[Research handbook launch] Cities and their global networks

Published 19 November 2021

@ Hilko Visser - The Hague mayor Jan van Zanen receives the first copy of the Research Handbook on Cities and International Law from author Janne E. Nijman

On Wednesday the 17th of November, the T.M.C. Asser Instituut celebrated the publication of the Research Handbook on International Law and Cities, edited by Helmut Aust (Freie Universität Berlin) and Janne Nijman (Asser Institute). During the event, the mayor of the Hague, Jan van Zanen, received the first hard copy of the book.

The mayor spoke of the increasing importance of cities and transnational city networks in international governance, and in the tackling of global challenges such as climate change and adaptation, terrorism and security.
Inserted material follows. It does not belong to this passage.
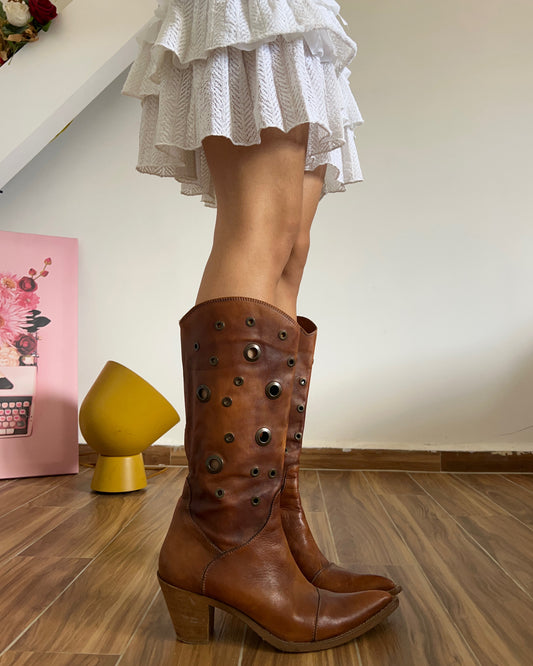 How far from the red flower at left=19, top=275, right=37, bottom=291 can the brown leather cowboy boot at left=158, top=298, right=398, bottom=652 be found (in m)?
1.37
Following the mayor’s speech, a panel of city network experts and international law scholars further discussed the seminal findings of the Research Handbook on cities and international law. The speakers were:

  • Boris Tonhauser, Executive Adviser at PLATFORMA, a network of European local and regional governments and their associations engaged in development cooperation.
  • Prof. Dr André Nollkaemper, Professor of International Law, University of Amsterdam, and the Dean of the Amsterdam Law School.
  • Prof. Dr Barbara Oomen holds a chair in the Sociology of Human Rights at Utrecht University. She leads the NWO Vici project Cities of Refuge.
  • Dr Neila Akrimi Kemperman, PhD in European Development law. Member of the VNG International board of directors.

 

I believe that if you want to be an effective local leader, you have to be regional, you have to be a European, and you have to be an international. For world peace, for care, for leaving nowhere no one behind, you need to know about each other. You cannot be a real local if you are not international. And if you are only 'international', where do you walk, - other than in some piece of land that is always local?” - The Hague Mayor Jan van Zanen
"It was great to listen to the Hague mayor, Jan van Zanen. He is heavily involved in global and regional city networks, such as  United Cities and Local Governments, and is living the growing role of cities and their networks in international law and global governance. His observations testified moreover to the good timing of the handbook’s publication. Cities are actively engaging with international law and reshaping the global governance landscape. This has also been confirmed earlier this Fall, when UNSG Gutteres presented his report Our Common Agenda in which he called for a stronger involvement of cities in ‘a more networked and inclusive multilateral system’. Thanks to our authors, the handbook makes this growing role of cities visible and examines closely the implications for international law. The panelists provided excellent observations from different angles and pointed to how cities and their networks, by their engagement with international law, are reshaping both urban and global governance." - Janne Nijman (Asser Institute)

About the Research Handbook on International Law & Cities
From climate change, to human rights and from migration to security issues: cities are on the frontline of global challenges. In their new and ground-breaking Research Handbook on International Law and Cities, editors Helmut Aust (Freie Universität Berlin) and Janne E. Nijman (Asser Institute) show the growing importance of the city in international law and governance, and the growing importance of international norms for cities. “No longer just sites of ‘the local’, cities have become spaces where global influences play out, and they have become actors that meaningfully contribute to shaping what we imagine ‘the global’ to be.”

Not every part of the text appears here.